Problem statement >>
Only one stretch of the records below should be repeated. It starts with the line containing "Lovechild 1979 - Arizona" and goes on through the line containing "MACRO Tom Clancy's", exactly as written.

Information provided >>

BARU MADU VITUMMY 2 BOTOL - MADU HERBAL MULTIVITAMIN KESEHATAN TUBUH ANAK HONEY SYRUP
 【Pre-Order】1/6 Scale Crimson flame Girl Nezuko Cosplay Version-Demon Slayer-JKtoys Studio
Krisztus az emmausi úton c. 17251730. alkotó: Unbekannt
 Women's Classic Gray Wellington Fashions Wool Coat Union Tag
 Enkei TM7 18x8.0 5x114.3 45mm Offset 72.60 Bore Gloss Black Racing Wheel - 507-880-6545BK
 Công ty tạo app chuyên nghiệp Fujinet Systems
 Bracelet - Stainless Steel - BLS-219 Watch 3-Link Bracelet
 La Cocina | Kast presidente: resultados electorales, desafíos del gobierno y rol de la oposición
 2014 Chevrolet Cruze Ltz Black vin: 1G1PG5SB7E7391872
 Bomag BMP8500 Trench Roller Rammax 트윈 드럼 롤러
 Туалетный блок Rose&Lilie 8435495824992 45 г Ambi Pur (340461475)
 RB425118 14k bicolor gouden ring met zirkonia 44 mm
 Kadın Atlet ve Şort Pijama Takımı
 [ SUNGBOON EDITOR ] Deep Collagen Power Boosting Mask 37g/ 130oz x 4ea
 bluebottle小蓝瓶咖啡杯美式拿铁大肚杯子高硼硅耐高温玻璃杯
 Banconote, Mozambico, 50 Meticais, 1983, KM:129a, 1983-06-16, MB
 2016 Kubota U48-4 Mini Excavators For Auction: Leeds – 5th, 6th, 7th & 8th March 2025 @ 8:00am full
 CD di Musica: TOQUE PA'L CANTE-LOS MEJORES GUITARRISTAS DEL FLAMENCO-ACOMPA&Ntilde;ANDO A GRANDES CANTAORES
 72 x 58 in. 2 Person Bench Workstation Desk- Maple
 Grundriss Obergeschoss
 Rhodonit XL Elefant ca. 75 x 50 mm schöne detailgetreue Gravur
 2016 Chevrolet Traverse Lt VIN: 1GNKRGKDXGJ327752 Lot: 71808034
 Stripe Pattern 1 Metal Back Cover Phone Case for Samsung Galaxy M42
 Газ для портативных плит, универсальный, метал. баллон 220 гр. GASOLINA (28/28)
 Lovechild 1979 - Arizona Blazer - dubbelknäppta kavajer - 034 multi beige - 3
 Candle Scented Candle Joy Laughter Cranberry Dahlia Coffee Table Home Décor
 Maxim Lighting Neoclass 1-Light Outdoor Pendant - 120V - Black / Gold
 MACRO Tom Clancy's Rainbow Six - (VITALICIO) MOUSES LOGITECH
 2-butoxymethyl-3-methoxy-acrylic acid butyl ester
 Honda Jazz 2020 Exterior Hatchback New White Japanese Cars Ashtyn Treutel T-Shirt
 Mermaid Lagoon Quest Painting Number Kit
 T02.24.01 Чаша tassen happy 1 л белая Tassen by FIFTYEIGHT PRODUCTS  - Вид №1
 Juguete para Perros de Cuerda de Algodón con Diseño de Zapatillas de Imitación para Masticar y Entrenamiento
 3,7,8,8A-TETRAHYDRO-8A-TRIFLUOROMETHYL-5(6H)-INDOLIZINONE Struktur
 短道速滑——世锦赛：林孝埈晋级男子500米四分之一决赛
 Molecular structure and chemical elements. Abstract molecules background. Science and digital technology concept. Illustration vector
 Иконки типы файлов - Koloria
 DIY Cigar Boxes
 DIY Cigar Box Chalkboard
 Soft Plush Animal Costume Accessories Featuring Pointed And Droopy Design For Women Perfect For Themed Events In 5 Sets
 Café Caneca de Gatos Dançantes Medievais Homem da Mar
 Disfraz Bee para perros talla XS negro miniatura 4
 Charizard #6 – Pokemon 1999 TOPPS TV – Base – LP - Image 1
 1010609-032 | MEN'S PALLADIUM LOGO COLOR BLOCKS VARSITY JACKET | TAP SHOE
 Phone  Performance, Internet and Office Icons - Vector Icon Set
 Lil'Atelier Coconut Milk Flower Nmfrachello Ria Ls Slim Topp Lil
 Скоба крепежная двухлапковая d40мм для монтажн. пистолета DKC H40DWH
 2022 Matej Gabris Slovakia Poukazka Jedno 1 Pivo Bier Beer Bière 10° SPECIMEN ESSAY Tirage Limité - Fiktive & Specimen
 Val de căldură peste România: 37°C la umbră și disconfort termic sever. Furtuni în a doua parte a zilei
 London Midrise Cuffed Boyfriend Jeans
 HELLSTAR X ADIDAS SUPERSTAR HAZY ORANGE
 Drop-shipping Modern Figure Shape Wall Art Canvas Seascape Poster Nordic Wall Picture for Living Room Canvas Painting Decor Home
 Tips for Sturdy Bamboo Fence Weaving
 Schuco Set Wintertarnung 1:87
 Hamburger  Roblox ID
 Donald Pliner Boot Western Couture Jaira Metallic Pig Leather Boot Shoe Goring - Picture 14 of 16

Answer for the task >>
 Lovechild 1979 - Arizona Blazer - dubbelknäppta kavajer - 034 multi beige - 3
 Candle Scented Candle Joy Laughter Cranberry Dahlia Coffee Table Home Décor
 Maxim Lighting Neoclass 1-Light Outdoor Pendant - 120V - Black / Gold
 MACRO Tom Clancy's Rainbow Six - (VITALICIO) MOUSES LOGITECH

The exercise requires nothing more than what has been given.